I asked Sasha what he had done in Kontora. He caught the tone of suspicion in my question.

“I was a young lieutenant when I joined the KGB,” he said. “Hadn’t seen anything in life except the army, and I thought I was going to be protecting people from harm. That the Agency had a
dark past—the Gulag, you know, millions of victims—I didn’t learn until the 1990s, when they started to write about it.”

First Sasha served in the Division of Economic Security, and then in the Anti-Terrorist Center (ATC), always working on the same thing: organized crime, assassinations, kidnappings, and criminal links in the police. His career advanced, and he married his high school sweetheart and had two children. Unfortunately, just like his parents’ brief attempt, it wasn’t a happy marriage.

Sasha was an operative detective, an “oper” in the trade lingo. He kept secret files on mobsters, studying their personal affairs, their networks, their contacts with businessmen and politicians. What Sasha knew—and how he knew it—was rarely revealed in court. Yet to official investigators, his stuff was priceless. He solved crimes before charges were made. He worked behind the scenes. He eavesdropped. He recruited and ran agents.

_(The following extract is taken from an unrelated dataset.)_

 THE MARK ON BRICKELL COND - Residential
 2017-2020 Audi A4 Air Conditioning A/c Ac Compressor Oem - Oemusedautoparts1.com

“‘KGB agent’ sounds horrible to people. They think of snitches reporting on their friends or spies in America,” Sasha continued. “But that’s not true. And not fair. Most of our agents are undercover, working inside gangs, and they are real heroes. They know that if they’re blown, they are as good as dead. My agents were my best friends, and they kept dealing with me and they helped my family when I was imprisoned. So there are agents and agents.

“Do you understand the difference between an oper and a formal investigator?” He was getting excited as he explained the intelligence business to me. Scenes from his career flew past. He did what he loved and apparently did it well. “The investigator follows the tracks of the crime. In his book, there are victims, suspects, witnesses, and so on. And he collects evidence, legally processed and packaged. But an oper like myself deals with a would-be criminal, my operational ‘object,’ and I want to know everything about him before he even commits a crime so that he can be stopped in time, or at least more easily caught. My stuff is not ‘evidence,’ it’s ‘operative information,’ see?”

Most of the people who fell under his purview—murderers, bank robbers, kidnappers, drug dealers—were not pleasant folk, and he had no regrets about his work. There was one exception, though: at
one point his object became the human rights activist Sergei Grigoryants, whom I also knew. It was his only political case prior to 1997, when he was told to target Boris Berezovsky.

It was during the first Chechen War. The famous “Fifth Line,” the Fifth Chief Directorate of the KGB that had dealt with dissidents in the Soviet era, was long gone. People like Grigoryants ended up under the eye of the ATC, an example of how the war pushed Russia back into the old ways of the USSR.

Grigoryants was investigating reports of a massacre of civilians by federal troops in the Chechen village of Samashki on April 12, 1995. Toward the end of that year, he was supposed to travel abroad for a human rights conference. He was bringing videotaped evidence of Russian troops shooting civilians in Samashki. Sasha’s unit was brought in for an unusual assignment: to plant some shotgun shells in Grigoryants’s companion’s bag at Moscow International Airport so that they would be stopped for a search. During the phony search, his videotapes would be confiscated and “accidentally” damaged.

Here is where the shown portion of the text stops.